─── Data in this exercise

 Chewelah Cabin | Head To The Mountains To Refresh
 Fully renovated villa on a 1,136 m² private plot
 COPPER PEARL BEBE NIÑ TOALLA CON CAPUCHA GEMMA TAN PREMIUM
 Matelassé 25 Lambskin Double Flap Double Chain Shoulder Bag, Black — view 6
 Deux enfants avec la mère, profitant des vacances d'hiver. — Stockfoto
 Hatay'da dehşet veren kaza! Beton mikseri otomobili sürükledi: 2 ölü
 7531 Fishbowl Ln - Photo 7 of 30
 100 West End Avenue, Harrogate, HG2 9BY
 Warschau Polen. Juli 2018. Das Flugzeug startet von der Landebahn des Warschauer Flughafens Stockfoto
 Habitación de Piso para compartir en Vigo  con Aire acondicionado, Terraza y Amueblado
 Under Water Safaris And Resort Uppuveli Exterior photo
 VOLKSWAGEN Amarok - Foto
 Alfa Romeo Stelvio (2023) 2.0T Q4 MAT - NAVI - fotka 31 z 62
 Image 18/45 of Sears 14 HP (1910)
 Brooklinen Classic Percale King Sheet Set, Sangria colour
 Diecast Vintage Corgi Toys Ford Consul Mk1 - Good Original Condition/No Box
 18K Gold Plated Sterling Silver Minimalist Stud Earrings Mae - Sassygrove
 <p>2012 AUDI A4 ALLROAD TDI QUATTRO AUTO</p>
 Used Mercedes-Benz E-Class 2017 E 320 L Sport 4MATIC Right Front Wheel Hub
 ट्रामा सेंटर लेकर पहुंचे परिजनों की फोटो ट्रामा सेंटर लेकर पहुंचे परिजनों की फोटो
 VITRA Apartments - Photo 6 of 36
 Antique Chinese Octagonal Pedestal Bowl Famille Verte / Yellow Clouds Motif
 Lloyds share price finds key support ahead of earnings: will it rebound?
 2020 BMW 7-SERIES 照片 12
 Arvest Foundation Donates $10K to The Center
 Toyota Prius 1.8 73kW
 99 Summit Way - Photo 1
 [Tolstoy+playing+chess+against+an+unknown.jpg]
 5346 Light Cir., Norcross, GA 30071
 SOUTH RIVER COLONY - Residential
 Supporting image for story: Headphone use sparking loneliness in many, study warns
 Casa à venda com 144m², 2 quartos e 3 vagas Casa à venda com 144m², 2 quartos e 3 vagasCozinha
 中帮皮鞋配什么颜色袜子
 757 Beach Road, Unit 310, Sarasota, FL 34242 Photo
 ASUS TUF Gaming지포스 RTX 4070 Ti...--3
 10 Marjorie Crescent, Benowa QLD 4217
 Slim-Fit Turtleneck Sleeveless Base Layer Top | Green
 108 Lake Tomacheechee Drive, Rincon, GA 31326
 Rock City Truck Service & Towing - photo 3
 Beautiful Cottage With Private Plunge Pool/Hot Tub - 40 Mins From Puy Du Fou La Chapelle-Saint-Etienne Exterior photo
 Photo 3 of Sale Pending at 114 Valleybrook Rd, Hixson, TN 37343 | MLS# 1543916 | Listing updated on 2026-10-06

──────

Exercise goal = Nothing but the lines above from the one containing "<p>2012 AUDI A4 ALLROAD TDI QUATTRO AUTO</p>" through the one containing "5346 Light Cir., Norcross, GA 30071" should appear in the answer, each repeated exactly.

Task answer =
 <p>2012 AUDI A4 ALLROAD TDI QUATTRO AUTO</p>
 Used Mercedes-Benz E-Class 2017 E 320 L Sport 4MATIC Right Front Wheel Hub
 ट्रामा सेंटर लेकर पहुंचे परिजनों की फोटो ट्रामा सेंटर लेकर पहुंचे परिजनों की फोटो
 VITRA Apartments - Photo 6 of 36
 Antique Chinese Octagonal Pedestal Bowl Famille Verte / Yellow Clouds Motif
 Lloyds share price finds key support ahead of earnings: will it rebound?
 2020 BMW 7-SERIES 照片 12
 Arvest Foundation Donates $10K to The Center
 Toyota Prius 1.8 73kW
 99 Summit Way - Photo 1
 [Tolstoy+playing+chess+against+an+unknown.jpg]
 5346 Light Cir., Norcross, GA 30071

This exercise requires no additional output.